What is mindfulness?
Mindfulness teaches us to direct our attention to what is happening right here, right now, with an attitude of kindness towards ourselves and our experience.
This “being with” ourselves is in contrast with more habitual states of mind in which we are often preoccupied with memories, fantasies, worries or planning. Yet, the capacity to be present is innate to each one of us and can be deliberately cultivated, alongside our capacity for kindness. Although we are often unaware of the current of our thinking, it has a profound effect on how we live our lives, as well on our mental and emotional health.
What Mindfulness Is Not:
Mindfulness is not positive thinking. Mindfulness is not about having only good feelings. It does not help you to get rid of unwanted feelings, but rather it helps to actually feel them.
That is why it is often said that mindfulness is not for the fainthearted. Our usual reaction to uncomfortable or distressing feelings is to push them away and try to get rid of them.
With mindfulness we learn to turn towards the difficulties, challenges and pain in our lives with an attitude of allowing and kindness.
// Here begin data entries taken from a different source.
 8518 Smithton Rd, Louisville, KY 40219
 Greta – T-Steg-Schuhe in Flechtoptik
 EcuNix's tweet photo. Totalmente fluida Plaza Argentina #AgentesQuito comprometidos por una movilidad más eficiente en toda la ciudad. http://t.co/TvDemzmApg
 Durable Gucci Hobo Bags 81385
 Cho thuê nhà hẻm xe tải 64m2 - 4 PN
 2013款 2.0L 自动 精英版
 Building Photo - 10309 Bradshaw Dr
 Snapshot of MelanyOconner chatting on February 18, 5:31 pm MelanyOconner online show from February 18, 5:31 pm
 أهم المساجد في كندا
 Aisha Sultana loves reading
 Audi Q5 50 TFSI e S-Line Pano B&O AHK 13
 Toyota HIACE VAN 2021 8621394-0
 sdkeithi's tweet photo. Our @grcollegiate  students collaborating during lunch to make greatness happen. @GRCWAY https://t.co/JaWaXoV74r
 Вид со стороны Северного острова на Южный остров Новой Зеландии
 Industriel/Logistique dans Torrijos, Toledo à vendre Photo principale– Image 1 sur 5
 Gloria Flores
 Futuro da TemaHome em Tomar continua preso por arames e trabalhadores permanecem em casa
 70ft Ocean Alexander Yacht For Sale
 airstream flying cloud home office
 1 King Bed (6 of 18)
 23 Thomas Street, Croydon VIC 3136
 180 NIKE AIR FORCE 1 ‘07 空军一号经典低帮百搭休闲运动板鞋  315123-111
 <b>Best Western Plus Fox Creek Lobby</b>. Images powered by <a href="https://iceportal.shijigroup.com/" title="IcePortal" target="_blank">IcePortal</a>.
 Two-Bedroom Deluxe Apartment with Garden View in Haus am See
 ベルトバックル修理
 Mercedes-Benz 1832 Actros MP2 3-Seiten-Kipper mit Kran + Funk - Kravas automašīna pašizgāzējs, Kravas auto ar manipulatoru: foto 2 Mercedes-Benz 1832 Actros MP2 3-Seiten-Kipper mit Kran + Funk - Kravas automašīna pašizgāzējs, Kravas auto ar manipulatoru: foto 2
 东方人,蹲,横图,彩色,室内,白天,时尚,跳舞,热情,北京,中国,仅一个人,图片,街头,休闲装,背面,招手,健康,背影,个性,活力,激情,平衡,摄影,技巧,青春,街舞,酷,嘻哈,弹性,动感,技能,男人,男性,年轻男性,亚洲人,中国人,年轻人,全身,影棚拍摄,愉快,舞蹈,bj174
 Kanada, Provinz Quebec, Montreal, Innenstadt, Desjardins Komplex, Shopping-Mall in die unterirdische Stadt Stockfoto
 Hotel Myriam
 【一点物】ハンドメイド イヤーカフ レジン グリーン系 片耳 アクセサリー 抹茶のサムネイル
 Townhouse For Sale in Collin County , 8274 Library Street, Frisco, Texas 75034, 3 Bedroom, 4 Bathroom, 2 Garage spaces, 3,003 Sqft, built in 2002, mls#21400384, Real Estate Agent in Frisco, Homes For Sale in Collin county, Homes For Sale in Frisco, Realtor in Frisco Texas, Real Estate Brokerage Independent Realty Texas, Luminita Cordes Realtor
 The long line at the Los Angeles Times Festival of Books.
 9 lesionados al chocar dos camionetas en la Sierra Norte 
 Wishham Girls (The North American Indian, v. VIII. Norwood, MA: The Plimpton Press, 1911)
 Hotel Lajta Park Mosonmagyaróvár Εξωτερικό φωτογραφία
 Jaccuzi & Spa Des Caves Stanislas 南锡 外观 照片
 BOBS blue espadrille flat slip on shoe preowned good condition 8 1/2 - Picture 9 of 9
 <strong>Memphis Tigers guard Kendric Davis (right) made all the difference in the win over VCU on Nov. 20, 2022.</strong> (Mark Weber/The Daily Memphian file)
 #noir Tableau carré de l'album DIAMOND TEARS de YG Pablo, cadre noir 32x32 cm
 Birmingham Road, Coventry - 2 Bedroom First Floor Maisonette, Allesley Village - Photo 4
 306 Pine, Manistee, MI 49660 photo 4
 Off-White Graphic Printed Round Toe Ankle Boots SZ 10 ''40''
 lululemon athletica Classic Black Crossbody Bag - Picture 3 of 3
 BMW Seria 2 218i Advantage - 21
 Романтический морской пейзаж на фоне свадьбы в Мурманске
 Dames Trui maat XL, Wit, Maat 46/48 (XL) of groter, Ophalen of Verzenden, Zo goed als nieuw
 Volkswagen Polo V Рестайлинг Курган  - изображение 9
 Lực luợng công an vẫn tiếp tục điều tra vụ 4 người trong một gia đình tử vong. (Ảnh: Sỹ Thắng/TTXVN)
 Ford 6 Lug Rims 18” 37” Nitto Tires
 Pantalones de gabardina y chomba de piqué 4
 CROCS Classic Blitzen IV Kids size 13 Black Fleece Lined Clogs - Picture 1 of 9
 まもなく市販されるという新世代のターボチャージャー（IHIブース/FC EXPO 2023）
This is a gentle process, not a forceful one, and it happens gradually as we build emotional strength and resilience.
Resistance and avoidance require a lot of energy and when we let them go and allow ourselves and our experience to be as they are we find that we free up a lot of energy which can now go into seeing more clearly, making wiser choices and taking wiser action.
Mindfulness is not relaxation. Becoming more relaxed may be a welcome by-product of mindfulness practice, but it is not the aim. As we develop mindfulness we begin to see our lives, our behaviours and relationships more clearly and this is not always easy. That is why the attitude we bring to the practice is one of kindness, patience and self-compassion.